Édifice religieux emblématique de l’art baroque et de l’histoire du comté de Nice, l’abbaye de Saint-Pons est un sujet omniprésent dans l’iconographie locale des XVIIIe et XIXe siècles. Elle apparaît ici en majesté dans un écrin de verdure et de montagnes environnantes. L’artiste n’a pas hésité à modifier les proportions de l’église afin d’en allonger les verticales et à la mettre en avant par rapport aux bâtiments conventuels qui la jouxtent, bien rapetissés en ce qui les concerne. C’est une « ficelle » fréquente chez les peintres. Jacques Guiaud s’est placé de façon à ce que le mont Chauve se trouve dans l’axe de la feuille de papier, ainsi l’ensemble conventuel se trouve-t-il déplacé sur la partie gauche de la composition, un point de vue inédit qui renouvelle les représentations frontales courantes. L’église semble ici surgir du moutonnement des oliviers, alors que de face, elle est noyée dans les oliveraies des plaines de Saint-Pons (actuel quartier Pasteur)124.
De même, le point de vue depuis le lit du fleuve a été privilégié afin d’offrir un contexte naturel grâce aux cannaies qui masquent les endiguements supportant la route de Nice à Levens, bien visible sur la photographie contemporaine de Pierre Ferret. De même, la rampe conduisant à l’abbaye et, au-delà vers Cimiez, se trouve dans le dos du peintre, alors que son élève de l’hiver 1853 a préféré en faire le motif de son premier plan (un angle que Guiaud a lui aussi suivi dans un dessin au crayon). À droite du chevet de l’église, on devine, esquissée sur son escarpement rocheux, l’ancienne chapelle construite sur le site où Pons aurait eu le chef tranché125. Encore à droite, quelques touches colorées fondent le village de Falicon dans le paysage. Aucun élément bâti ne doit parasiter l’attention qui doit être exclusivement tournée vers l’abbaye.

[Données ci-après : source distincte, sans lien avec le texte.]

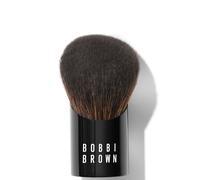 Bobbi Brown Smooth Blending Brush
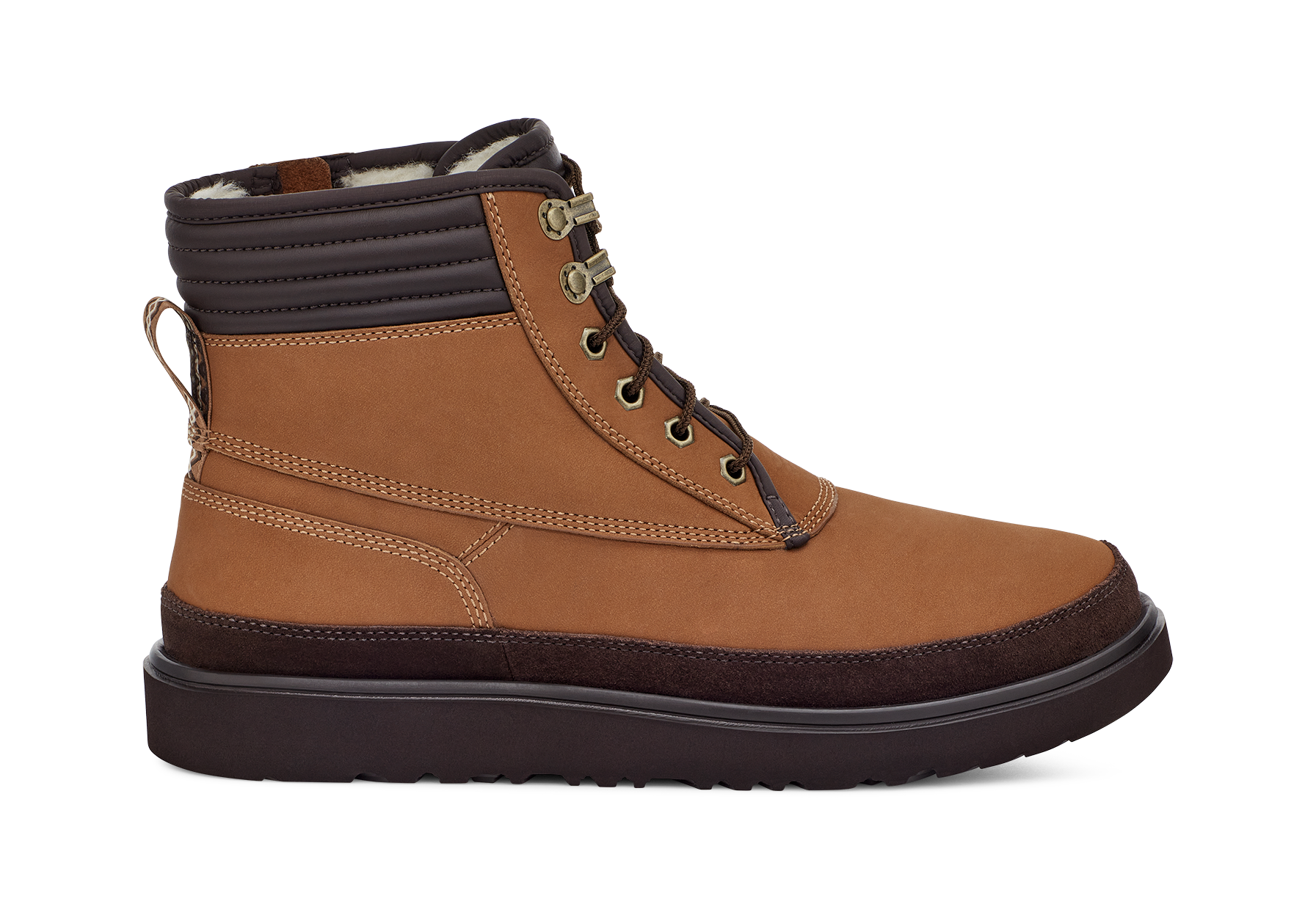 UGG® Highland Sport Utility Weather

D’une aquarelle à l’autre, Jacques Guiaud reprend l’essentiel des couleurs de sa palette, toujours réduite et éclaircie, à l’exception des masses ombreuses des arbres ou des replis de terrain. Cette fois, l’artiste a choisi le début de l’après-midi afin que la façade principale de l’église soit inondée de soleil. L’éclairage latéral permet de souligner les volumes des bâtiments, d’animer les énormes frondaisons des oliviers et les rangées de roseaux. Seul élément vertical, l’abbaye structure en bandes quasi horizontales le ciel, les montagnes et la végétation. À sa forte présence architecturale fait écho la silhouette caractéristique du mont Chauve souvent présente dans les lointains des vues du XIXe siècle.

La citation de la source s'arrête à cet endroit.